Law enforcement and mental health partnership pays dividends

Two out of five calls to law enforcement in Tucson in some way involve a mental health crisis or substance abuse disorder — that’s more calls than about burglaries or stolen cars. In the not-too-distant past, nearly every one of those cases would have ended up with someone going to jail or in tragedy. But for nearly two decades now, the National Alliance on Mental Illness-Southern Arizona has worked with local law enforcement to ensure people faced with mental health or substance abuse problems get the compassion they need and to help keep nonviolent individuals out of jail.

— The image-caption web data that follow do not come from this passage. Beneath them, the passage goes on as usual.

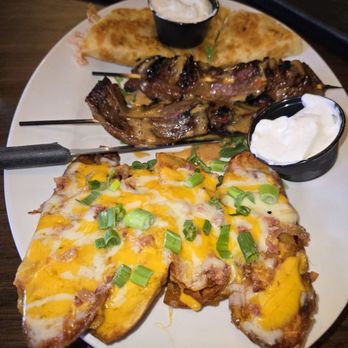 Creekside Restaurant & Bar - The sampler gave 3 folks a great bute and room for more! - New American Near Me - Brecksville, Ohio Creekside Restaurant & Bar - The sampler gave 3 folks a great bute and room for more! - New American Near Me - Brecksville, Ohio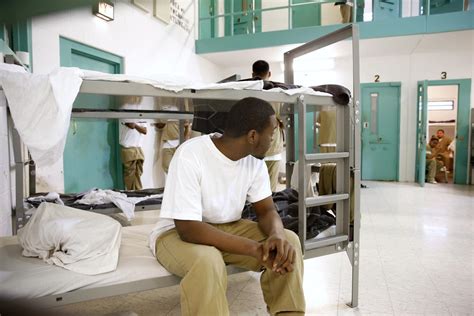 The exact number of prisoners who escape varies from year to year, and in general, these numbers have been on the decline as time has progressed; for example, in 1993, the Bureau o.... 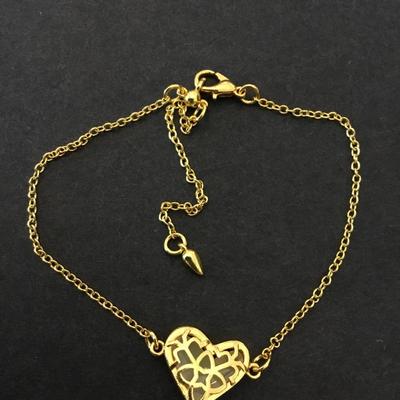 Beautiful Kendra Scott bracelet opal heart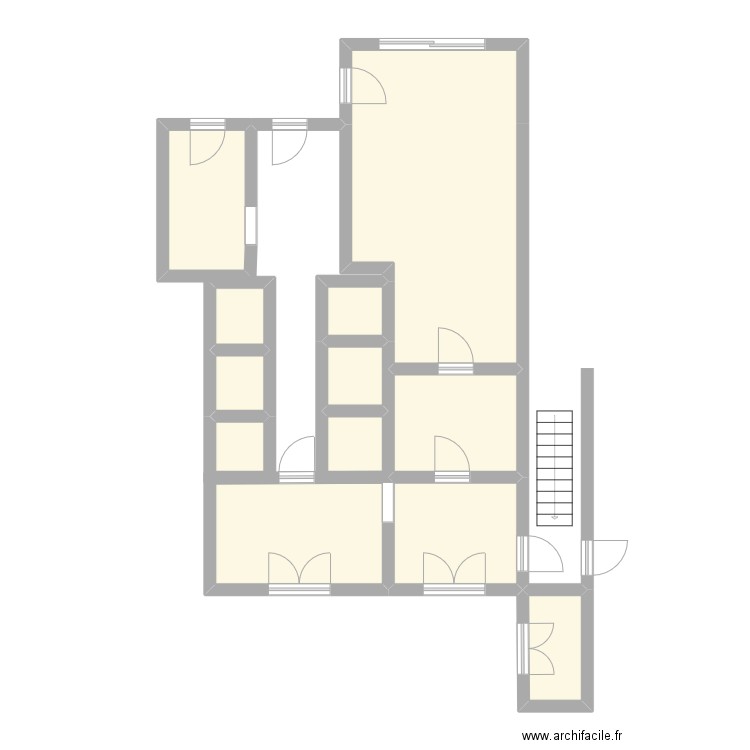 YTH. Plan de 12 pièces et 63 m2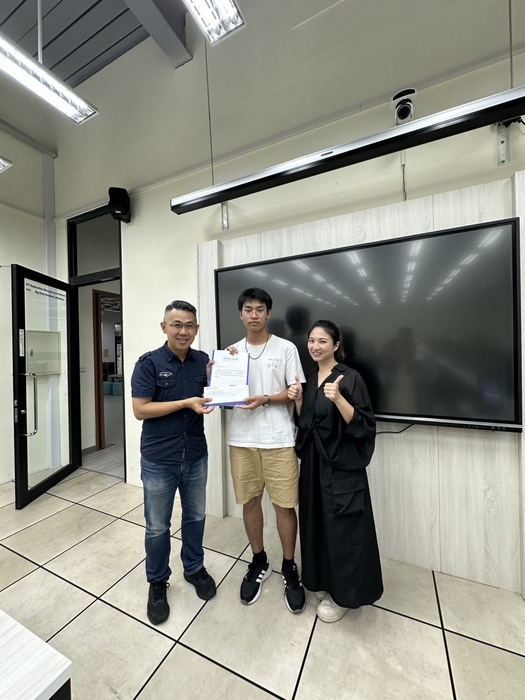 「AI 無人機群飛設計體驗營」品表現優異，經評選獲第 1 名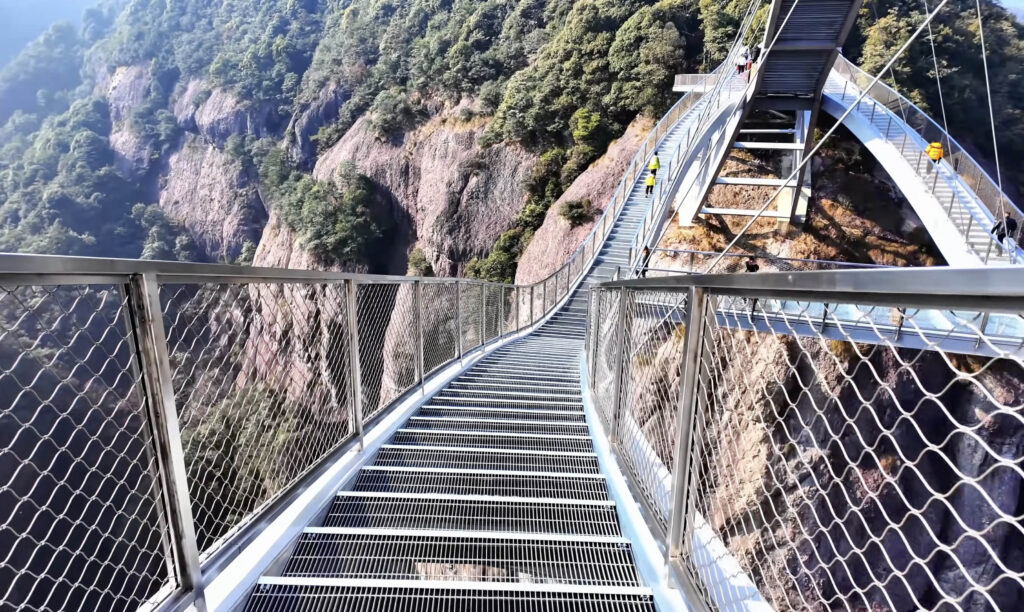 Descubra a impressionante Ponte Ruyi, na China Ruyi GlassHighMeshSteps | Lugares | Lugares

It’s a partnership built on years of trust that started with the introduction of crisis intervention training to Tucson in early 2000 after a string of five cases of “suicide by cop” in a span of just 10 months. The 40-hour course first conceived and field tested in Memphis, Tennessee, gives local officers the tools to recognize signs of mental illness in individuals they encounter and to respond appropriately.

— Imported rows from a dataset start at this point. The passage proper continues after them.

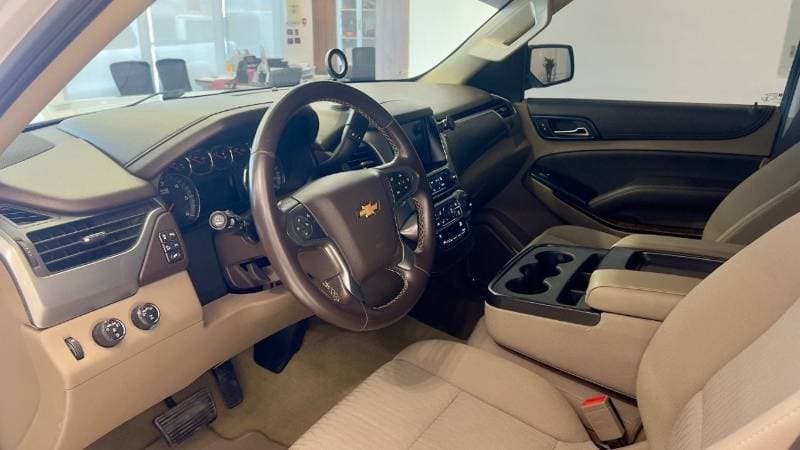 2019 Chevrolet Suburban LS thumbnail 4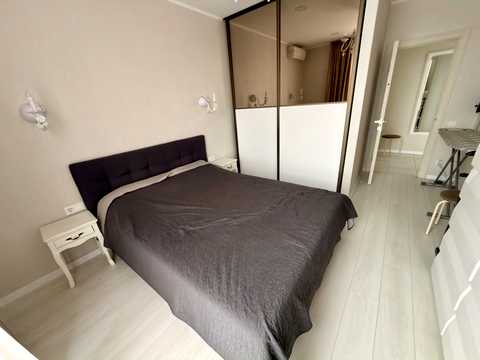 квартира за адресою Салютна вул., 2к2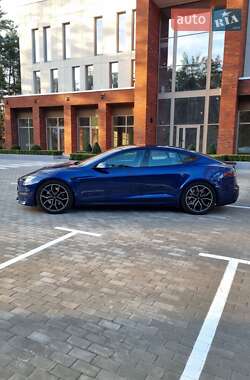 Лифтбек Tesla Model S 2021 в Киеве фото 4 Лифтбек Tesla Model S 2021 в Киеве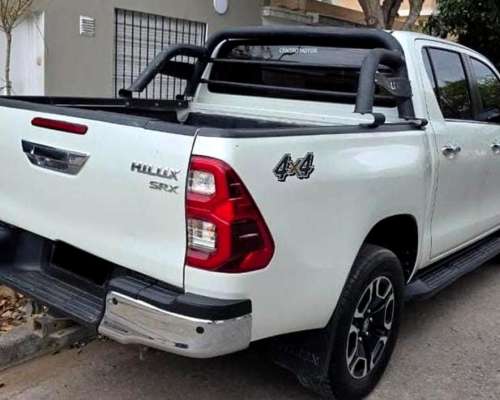 Toyota Hilux 2.8 TDI CD 4X4 SRX 204cv 2022 $44.799.000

It has succeeded here in large part because NAMI provided, and continues to provide, the expertise and the foundation to help all officers — from cadets still in the academy to veterans with years in the field — understand how to assess and defuse emotionally fraught situations and recognize opportunities to find “upstream” alternatives to jail before incarceration becomes the only option.

Over the years this partnership has become truly reciprocal: NAMI instructors train officers how to interact with mentally ill individuals in crisis, and law enforcement instructors teach participants in NAMI’s “Family to Family” program how to best interact with officers and deputies in the field. NAMI’s “In Our Own Voice” presentation is consistently one of the highest-rated portions of the class.

This shared philosophy and longtime working relationship made the National Alliance on Mental Illness a natural fit alongside law enforcement on the Community Collaborative of Pima County Safety and Justice Challenge, which seeks to make the criminal-justice system more fair and more effective and to reduce over-incarceration by implementing innovative and common-sense strategies and programs.

Nevertheless, all of these efforts remain a work in progress, in need of refinement. One exciting development is the expansion of NAMI’s “Ending the Silence” program into local middle schools. The effort has proven effective in helping high schoolers recognize the warning signs of mental illness in themselves, their peers or loved ones and how to follow up with help.

We must continue to move forward with our efforts ensure our criminal justice system works for the entire community. To that end, we wholeheartedly support Pima County’s plans to re-apply for funding through the MacArthur Foundation to extend and expand programming under the aegis of the Safety and Justice Challenge and related programs. We believe that progressive approach will continue to inspire participation here and serve as a roadmap for other communities.

Jason Winsky is the sergeant of the Tucson Police Department’s Mental Health Support Team. H. Clarke Romans, Ph.D., is executive director of the National Alliance on Mental Illness Southern Arizona.